BOCA RATON, FLA. – Beta-blocker therapy and strict, lifelong control of hypertension are key to avoiding late reoperation after repair of acute type A aortic dissection, according to a large, 25-year, single-center follow-up study.

Operative mortality was 16% among 252 patients who underwent repair of acute type A aortic dissection at the hands of 26 surgeons at Barnes-Jewish Hospital in St. Louis during 1984-2009. Of 28 variables that were scrutinized in a multivariate analysis, only one proved to be an independent risk factor for operative mortality: branch vessel malperfusion at presentation, with an associated 2.5-fold increased risk, Dr. Spencer J. Melby reported at the annual meeting of the American Surgical Association.

Dr. Spencer J. Melby

Some 27 of 211 operative survivors required 30 late reoperations. Four variables were independently predictive of late reoperation: male sex, Marfan syndrome, not being on a beta-blocker at last follow-up, and systolic blood pressure (SBP) greater than 120 mm Hg, according to Dr. Melby of Washington University in St. Louis.

The rates of freedom from reoperation among patients on beta-blocker therapy at 10 and 15 years were 86% and 83%, respectively, compared with 57% and 37% in patients who were not on the medication.

Patients who maintained their SBP below 120 mm Hg had 10- and 15-year rates of freedom from reoperation of 92%. Among those whose SBP was 120-140 mm Hg, the rates were 74% and 66%. In patients who maintained SBP in excess of 140 mm Hg, the 10- and 15-year rates of freedom from reoperation was 49% and 30%.

In terms of perfusion techniques that were utilized in the initial repair, 35% of patients were placed on an aortic cross-clamp only, 30% had hypothermic cardiac arrest with retrograde cerebral perfusion, and 35% got hypothermic cardiac arrest without retrograde cerebral perfusion.
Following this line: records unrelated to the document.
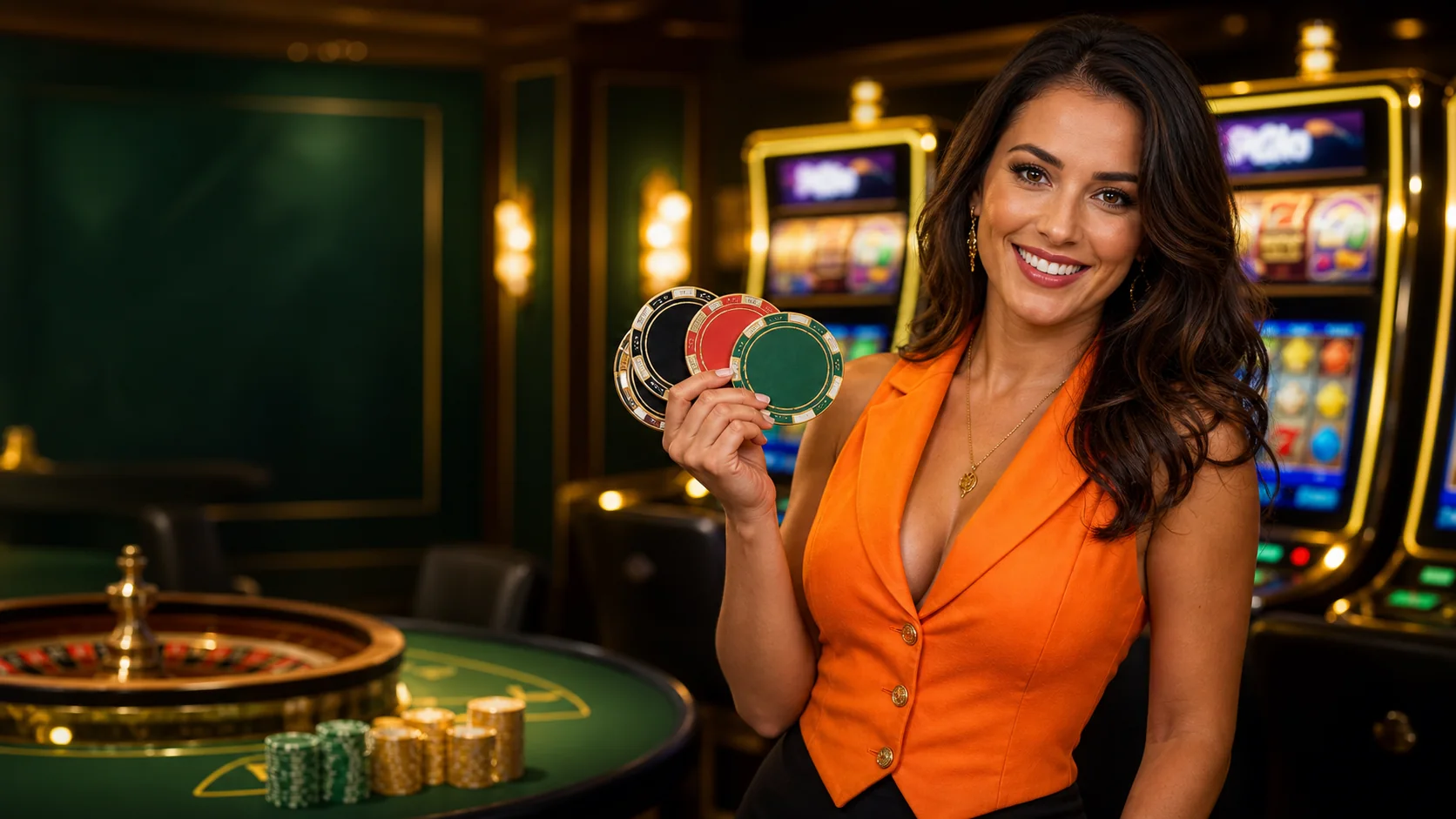 Juegos de casino Spininio con tragaperras, ruleta y fichas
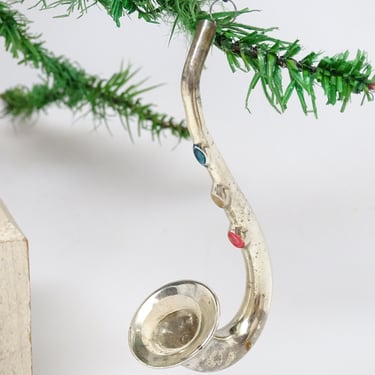 Antique 1930's Mercury Hand Blown Glass Hand Painted Saxophone Horn, Vintage Patriotic Christmas Tree Ornament 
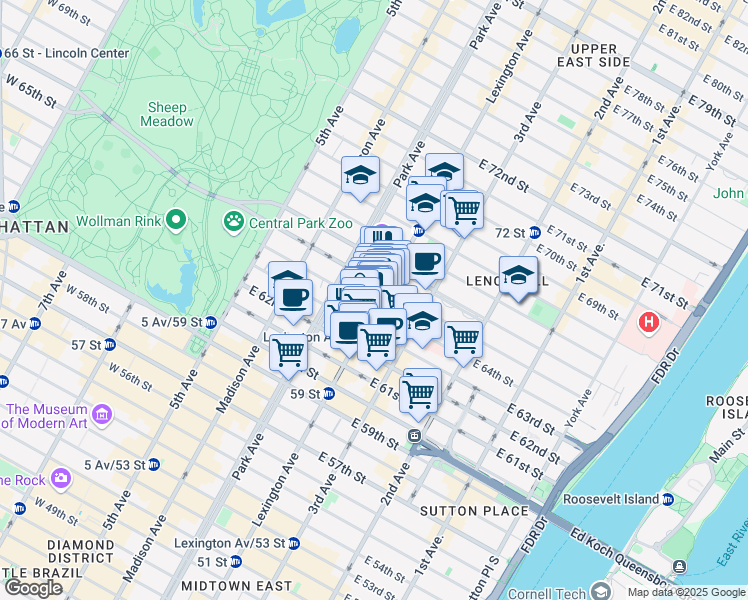 map of restaurants, bars, coffee shops, grocery stores, and more near in New York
Importantly, long-term survival was not related to operative approach. Late survival was decreased, however, in patients with previous stroke or chronic renal insufficiency.

Discussant Dr. Thoralf M. Sundt III noted that although acute aortic dissection is an uncommon condition, it is nonetheless the most common fatal catastrophe of the aorta. Multiple studies over the years indicate that not much progress has been made in improving the high perioperative and long-term morbidity and mortality.
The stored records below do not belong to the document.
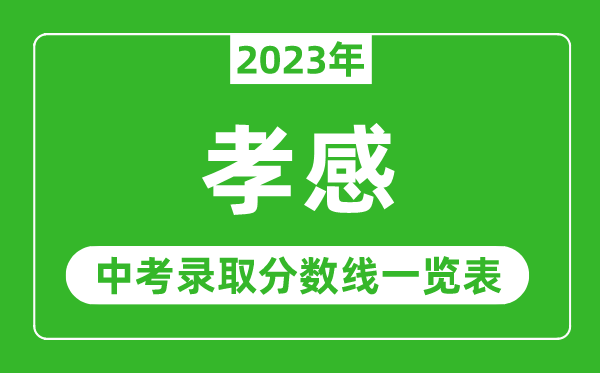 2023年孝感中考录取分数线,孝感市各高中录取分数线一览表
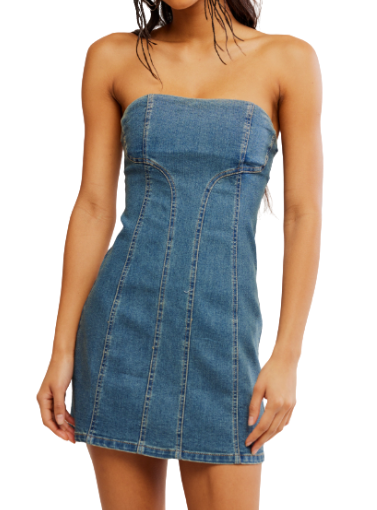 Free People Alexa Denim Mini Dress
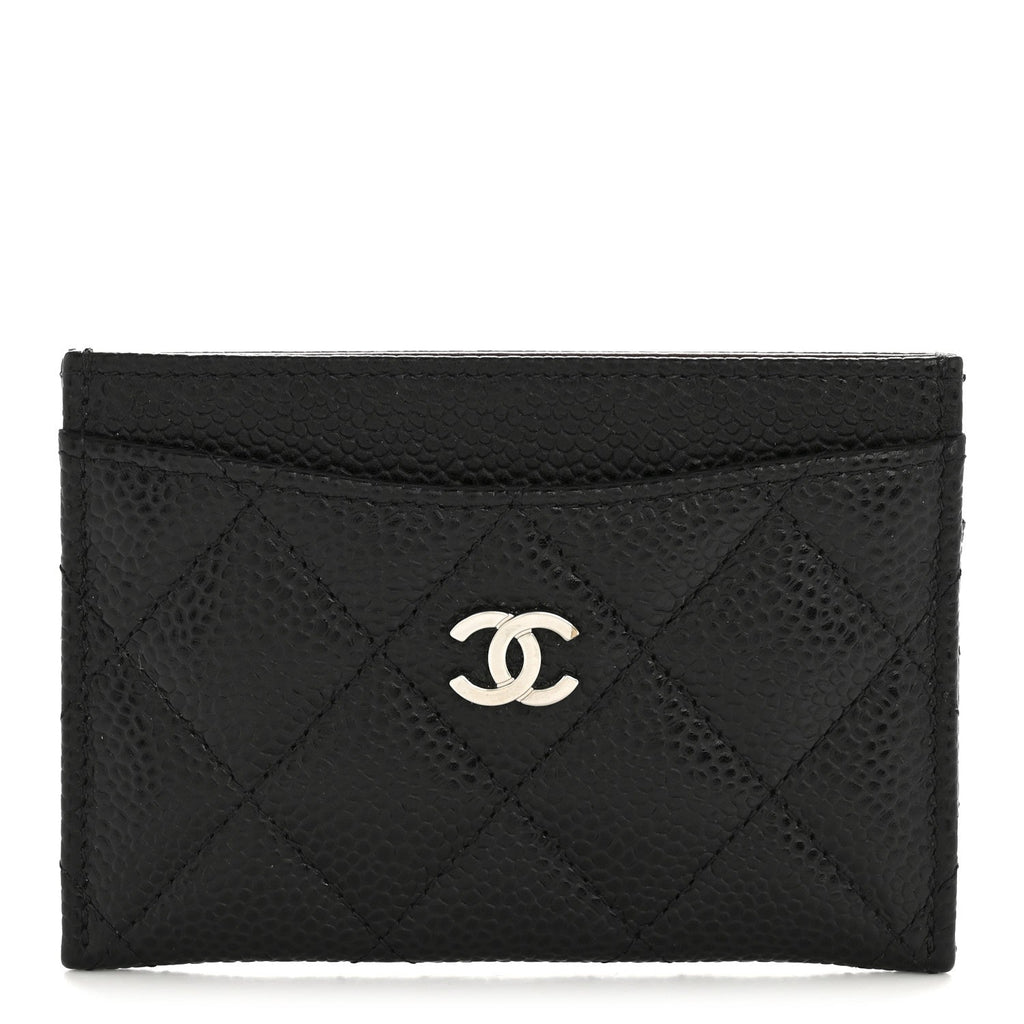 Caviar Quilted Card Holder Black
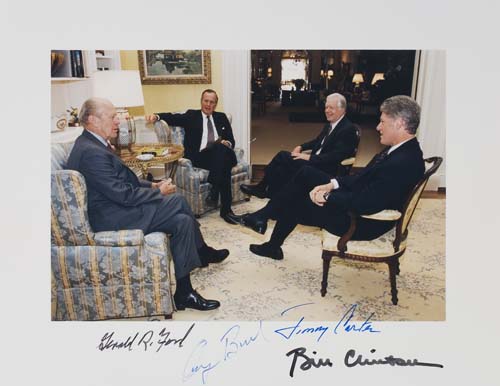 Appraisal: FOUR PRESIDENTS PRESIDENTS Color Photograph Signed by Gerald Ford George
"We don’t seem to be learning very much over time. It’s not getting better. So a study such as this one that can impact the long-term results in these patients is important," said Dr. Sundt, chief of cardiac surgery at Massachusetts General Hospital, Boston.

He particularly welcomed Dr. Melby’s emphasis on lifelong beta-blocker therapy.

"It may seem a bit odd for surgeons to be focusing on pharmacologic treatment, but in fact aortic disease is really a disease that’s most often treated by surgeons. There are few medical vascular specialists, and so it really is important for us to follow these patients. This is a chronic condition, and we ought to adopt a posture towards that condition where we are responsible for caring for these patients over time," according to the surgeon.

Dr. Sundt noted that many surgeons have adopted as dogma that these repairs should be done under hypothermic circulatory arrest rather than cross-clamp. "Your group is bucking the trend," he commented.

Dr. Melby agreed that hypothermic cardiac arrest is "trendy." Some surgeons at Barnes-Jewish use it routinely. But in the study, the risk of reoperation for bleeding was 17% in patients who were managed via hypothermic cardiac arrest, compared with 7% with cross-clamp. Cardiopulmonary bypass time was about 30 minutes shorter with the cross-clamp.

"One of the conclusions of our paper is that because we found [that] long-term outcomes were independent of the technique, it’s safe to say that surgeons should treat this problem in the way they’re most comfortable," he added.

Dr. Melby said that he has no relevant financial interests.